The full-page ads specifically call on legislators to pass an economic growth plan put forward last year by Lt. Gov. Gavin Newsom. The plan calls for building additional infrastructure, promoting exports and allowing local leaders to make economic development decisions.
“BizFed believes this is a starting framework for every elected official, business and labor leader in this state to work collaboratively to move us forward,” said Tracy Rafter, BizFed chief executive and the former publisher of the Los Angeles Daily News, one of the Los Angeles Newspaper Group papers.
Fleming said last month’s state Supreme Court decision upholding Gov. Jerry Brown’s plan to eliminate redevelopment agencies was one factor in deciding to launch the campaign this month.
“We have to start saving redevelopment agencies,” he said. “They are a proven jobs producer. At the very least, we have to keep them going until an effective replacement can be crafted.”
He also said the ad campaign is the first step in pressuring lawmakers to be more business friendly. Sometime late this summer, BizFed will publish its first ever report card on the county’s state lawmakers, grading each on the degree of their commitment to job creation.
Eventually, he said, BizFed will “back pro-business candidates, regardless of party.”

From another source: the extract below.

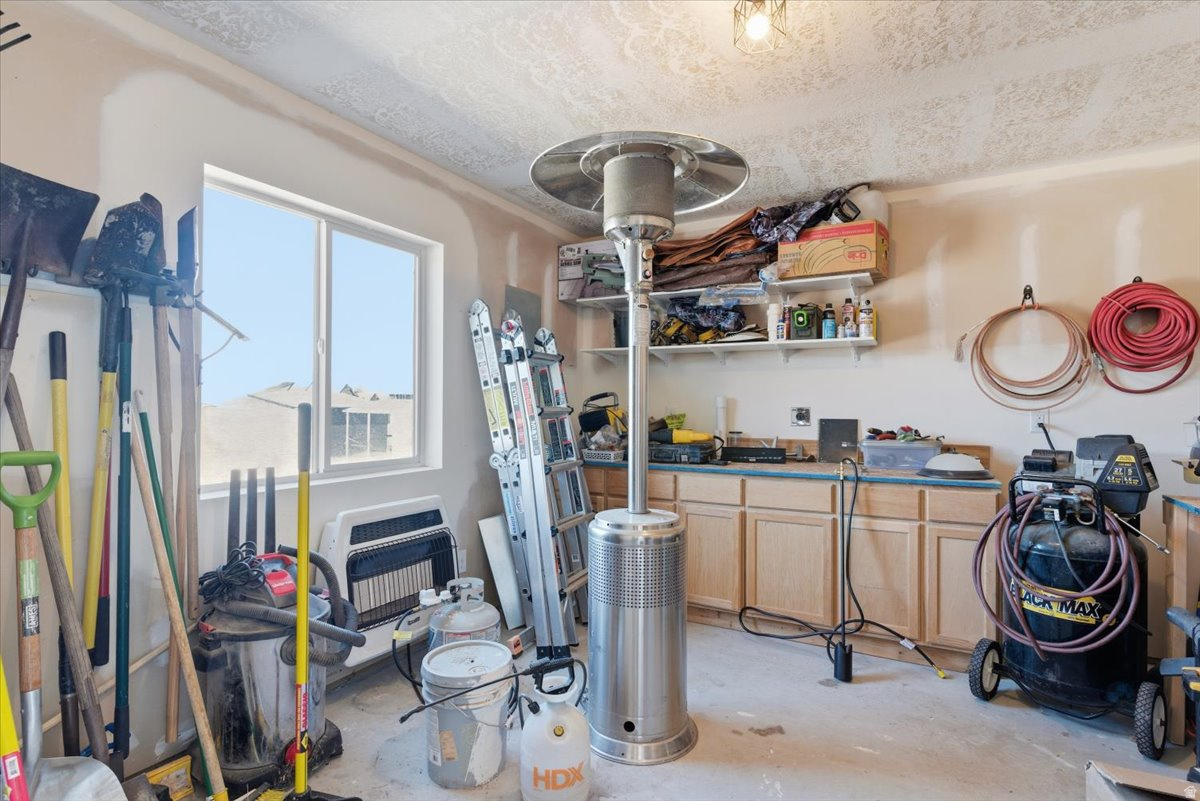 EAST LAKE MEADOWS SU - Residential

BizFed has already established a political action committee for this purpose, but Fleming said it will only be effective with coordination among the PACs of its member associations.
Stern said BizFed’s voice may be especially important in this year’s campaigns because of the new open primary system. The system places the two leading candidates in a runoff election, so Democratic candidates will have to reach out to independents and possibly even business leaders if they want to come out on top.
“These ads could be very effective in encouraging Democratic legislators to be more business friendly,” he said.